Mr Vasilieff adds a fixed rate would not take into the account the extra levels of risk and sometimes administration required for platforms dealing in larger investments, though it can be beneficial to the very large investor where a percentage charge can be “exorbitant”.

Terry Huddart, technical communications manager at Nucleus, says for new business only, the vast majority of platforms now have an explicit charge to clients that is a percentage of assets held on a tiered basis.

This is split into two camps, he says: those that significantly augment the core charges with event-driven charges (such as switching, re-registration, transfers and drawdown) and those that focus on the core charge.

Mr Huddart says: “There are also some differences on how tiering is operated in terms of whether discounts are applied by tranche or not and also whether charges are differentiated at wrapper level or not. There is one platform that operates fixed charging.”

Mr Huddart says his analysis has shown that, with augmented charging models, clients can really be charged double the advertised core cost over a 10-year period when you take real-life portfolio activity into consideration because people re-balance, switch, pay money in, take money out and move money between providers.
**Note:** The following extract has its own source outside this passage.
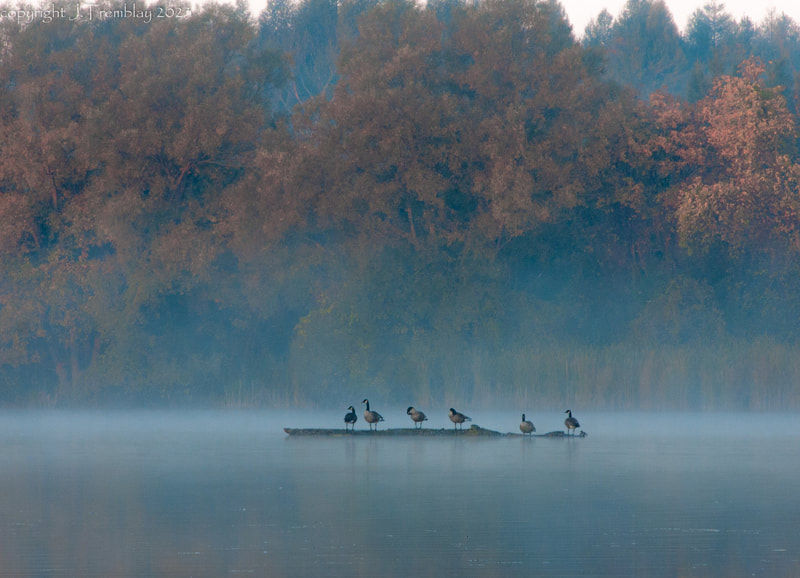 Canada Goose, Geese, Autumn, Lake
In addition, an FTAdviser investigation has uncovered that clients are also often being indirectly charged on their cash balances as most platforms retain a portion of the interest offered by the account provider.

Mr Huddart says the big challenge for advisers trying to get the best price for their client is predictability and not having a situation where clients refer back to initial disclosures and are disgruntled at the extras.

“I think that across the market for new post-RDR charging structures platforms are doing it by the book and have got better at disclosing core charges, but I am not sure how clearly all of the extra charges are being disclosed either upfront or in client statements.”

The Financial Conduct Authority’s Conduct of Business book (COBS 6.1E.1) says that platforms ‘must clearly disclose total platform charges in a durable format’.